> [What to produce]
Set down exactly, from the records below, the line with "Raccoon tropical leaves" through the line with "Vintage Amscan Decoration", and nothing else.

> [Supplied information]
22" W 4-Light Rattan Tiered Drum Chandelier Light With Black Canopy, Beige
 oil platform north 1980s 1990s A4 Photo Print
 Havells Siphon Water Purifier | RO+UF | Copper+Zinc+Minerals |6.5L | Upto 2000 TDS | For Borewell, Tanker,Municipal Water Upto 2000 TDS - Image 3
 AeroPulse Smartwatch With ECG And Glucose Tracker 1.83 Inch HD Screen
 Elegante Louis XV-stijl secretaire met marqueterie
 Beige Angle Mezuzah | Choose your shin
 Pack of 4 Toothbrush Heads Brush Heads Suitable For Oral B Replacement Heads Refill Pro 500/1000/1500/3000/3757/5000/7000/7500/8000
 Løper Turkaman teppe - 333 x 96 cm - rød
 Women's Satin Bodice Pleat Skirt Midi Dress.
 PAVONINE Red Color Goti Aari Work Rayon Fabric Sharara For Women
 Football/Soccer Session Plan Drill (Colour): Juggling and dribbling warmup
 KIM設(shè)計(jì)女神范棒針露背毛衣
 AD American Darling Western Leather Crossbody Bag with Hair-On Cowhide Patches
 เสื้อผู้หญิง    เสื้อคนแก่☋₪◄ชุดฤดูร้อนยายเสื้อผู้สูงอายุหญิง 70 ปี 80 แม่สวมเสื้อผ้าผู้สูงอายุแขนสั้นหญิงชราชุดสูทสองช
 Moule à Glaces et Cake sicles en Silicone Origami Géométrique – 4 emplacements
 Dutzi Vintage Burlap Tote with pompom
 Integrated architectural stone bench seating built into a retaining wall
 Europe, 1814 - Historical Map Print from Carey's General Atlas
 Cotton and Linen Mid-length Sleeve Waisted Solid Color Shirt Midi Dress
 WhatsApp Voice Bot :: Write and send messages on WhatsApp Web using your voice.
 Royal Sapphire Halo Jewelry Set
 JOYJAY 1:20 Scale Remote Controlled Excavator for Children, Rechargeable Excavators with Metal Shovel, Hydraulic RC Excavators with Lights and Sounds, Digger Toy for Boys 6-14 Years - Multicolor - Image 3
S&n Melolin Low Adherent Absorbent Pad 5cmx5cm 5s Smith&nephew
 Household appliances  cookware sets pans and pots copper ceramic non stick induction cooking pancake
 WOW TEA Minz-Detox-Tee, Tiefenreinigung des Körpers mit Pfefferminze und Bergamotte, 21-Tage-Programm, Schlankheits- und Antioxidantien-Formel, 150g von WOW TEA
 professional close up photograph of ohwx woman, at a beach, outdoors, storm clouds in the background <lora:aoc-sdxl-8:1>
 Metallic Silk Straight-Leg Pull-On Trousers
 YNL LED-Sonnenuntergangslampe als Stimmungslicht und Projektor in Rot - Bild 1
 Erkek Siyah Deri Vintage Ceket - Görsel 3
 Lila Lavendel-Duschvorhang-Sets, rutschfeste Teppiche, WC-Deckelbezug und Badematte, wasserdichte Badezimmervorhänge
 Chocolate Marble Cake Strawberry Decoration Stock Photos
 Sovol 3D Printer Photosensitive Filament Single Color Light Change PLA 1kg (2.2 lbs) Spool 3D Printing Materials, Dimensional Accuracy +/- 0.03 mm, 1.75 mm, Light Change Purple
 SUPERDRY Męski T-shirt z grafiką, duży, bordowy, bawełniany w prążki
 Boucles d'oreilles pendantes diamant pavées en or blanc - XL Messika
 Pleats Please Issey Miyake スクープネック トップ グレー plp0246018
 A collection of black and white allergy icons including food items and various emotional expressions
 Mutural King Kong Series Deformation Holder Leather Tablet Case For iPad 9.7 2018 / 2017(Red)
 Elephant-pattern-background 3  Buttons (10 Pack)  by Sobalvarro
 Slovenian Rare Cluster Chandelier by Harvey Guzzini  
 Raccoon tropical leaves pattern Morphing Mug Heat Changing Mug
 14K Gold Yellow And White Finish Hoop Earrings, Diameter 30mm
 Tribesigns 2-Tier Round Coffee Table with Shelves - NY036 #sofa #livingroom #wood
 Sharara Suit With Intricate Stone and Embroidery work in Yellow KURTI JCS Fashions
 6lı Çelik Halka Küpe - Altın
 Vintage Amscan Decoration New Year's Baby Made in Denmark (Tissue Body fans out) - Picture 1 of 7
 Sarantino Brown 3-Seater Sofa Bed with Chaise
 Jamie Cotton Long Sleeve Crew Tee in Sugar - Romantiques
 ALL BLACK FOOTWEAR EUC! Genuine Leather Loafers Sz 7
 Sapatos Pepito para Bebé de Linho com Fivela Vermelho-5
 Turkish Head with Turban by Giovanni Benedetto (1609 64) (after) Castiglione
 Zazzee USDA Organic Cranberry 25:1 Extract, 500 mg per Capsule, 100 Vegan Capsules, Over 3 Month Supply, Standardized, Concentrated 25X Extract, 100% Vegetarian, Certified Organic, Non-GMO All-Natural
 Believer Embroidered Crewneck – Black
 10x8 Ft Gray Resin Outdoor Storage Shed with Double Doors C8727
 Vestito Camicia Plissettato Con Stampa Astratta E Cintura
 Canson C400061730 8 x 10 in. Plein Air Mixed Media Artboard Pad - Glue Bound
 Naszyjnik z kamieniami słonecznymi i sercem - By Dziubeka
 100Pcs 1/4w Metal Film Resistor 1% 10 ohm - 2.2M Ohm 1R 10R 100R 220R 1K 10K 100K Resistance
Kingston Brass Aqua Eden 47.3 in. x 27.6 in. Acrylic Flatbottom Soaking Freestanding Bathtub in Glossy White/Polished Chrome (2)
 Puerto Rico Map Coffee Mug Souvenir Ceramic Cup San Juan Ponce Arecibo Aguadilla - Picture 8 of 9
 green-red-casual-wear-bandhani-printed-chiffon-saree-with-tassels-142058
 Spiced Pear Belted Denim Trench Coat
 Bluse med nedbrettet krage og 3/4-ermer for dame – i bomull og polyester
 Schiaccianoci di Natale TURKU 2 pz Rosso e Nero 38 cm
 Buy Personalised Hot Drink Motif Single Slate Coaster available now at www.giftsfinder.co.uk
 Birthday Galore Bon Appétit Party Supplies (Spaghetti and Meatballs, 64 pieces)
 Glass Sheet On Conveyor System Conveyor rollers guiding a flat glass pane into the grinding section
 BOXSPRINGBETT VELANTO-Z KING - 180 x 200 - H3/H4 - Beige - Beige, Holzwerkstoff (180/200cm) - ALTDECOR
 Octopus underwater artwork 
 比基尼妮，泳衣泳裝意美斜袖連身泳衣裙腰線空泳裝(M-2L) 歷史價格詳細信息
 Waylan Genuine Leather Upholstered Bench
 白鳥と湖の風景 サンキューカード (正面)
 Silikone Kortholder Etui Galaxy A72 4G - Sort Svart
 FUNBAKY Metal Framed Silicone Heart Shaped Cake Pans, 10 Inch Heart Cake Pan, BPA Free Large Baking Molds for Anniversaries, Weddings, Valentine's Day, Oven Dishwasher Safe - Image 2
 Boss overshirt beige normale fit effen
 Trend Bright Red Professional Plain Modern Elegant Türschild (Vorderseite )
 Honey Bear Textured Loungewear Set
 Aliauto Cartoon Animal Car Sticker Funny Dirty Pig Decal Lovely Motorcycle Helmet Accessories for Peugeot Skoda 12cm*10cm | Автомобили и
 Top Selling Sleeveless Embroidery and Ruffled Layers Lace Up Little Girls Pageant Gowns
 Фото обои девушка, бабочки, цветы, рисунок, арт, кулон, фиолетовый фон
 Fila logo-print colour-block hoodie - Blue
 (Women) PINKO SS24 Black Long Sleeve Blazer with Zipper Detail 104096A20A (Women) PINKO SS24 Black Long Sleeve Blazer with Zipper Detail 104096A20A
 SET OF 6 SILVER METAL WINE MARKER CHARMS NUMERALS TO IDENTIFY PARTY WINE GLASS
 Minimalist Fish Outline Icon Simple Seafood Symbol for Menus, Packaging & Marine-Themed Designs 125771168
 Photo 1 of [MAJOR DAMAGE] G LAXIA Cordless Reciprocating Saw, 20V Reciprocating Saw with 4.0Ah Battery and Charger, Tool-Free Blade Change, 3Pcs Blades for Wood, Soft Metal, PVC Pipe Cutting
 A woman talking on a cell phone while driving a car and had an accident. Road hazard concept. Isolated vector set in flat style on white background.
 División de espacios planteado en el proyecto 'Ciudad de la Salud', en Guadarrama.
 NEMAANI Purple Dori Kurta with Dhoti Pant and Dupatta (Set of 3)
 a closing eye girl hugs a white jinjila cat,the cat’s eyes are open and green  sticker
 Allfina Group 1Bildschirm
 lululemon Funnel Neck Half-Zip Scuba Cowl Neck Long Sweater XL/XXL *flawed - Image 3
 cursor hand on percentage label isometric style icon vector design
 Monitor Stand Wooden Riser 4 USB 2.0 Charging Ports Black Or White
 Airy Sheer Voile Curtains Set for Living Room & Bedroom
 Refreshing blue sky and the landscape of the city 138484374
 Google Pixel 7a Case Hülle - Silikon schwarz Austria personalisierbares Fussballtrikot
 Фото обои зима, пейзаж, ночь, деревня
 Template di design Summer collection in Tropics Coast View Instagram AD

> [Exercise solution]
 Raccoon tropical leaves pattern Morphing Mug Heat Changing Mug
 14K Gold Yellow And White Finish Hoop Earrings, Diameter 30mm
 Tribesigns 2-Tier Round Coffee Table with Shelves - NY036 #sofa #livingroom #wood
 Sharara Suit With Intricate Stone and Embroidery work in Yellow KURTI JCS Fashions
 6lı Çelik Halka Küpe - Altın
 Vintage Amscan Decoration New Year's Baby Made in Denmark (Tissue Body fans out) - Picture 1 of 7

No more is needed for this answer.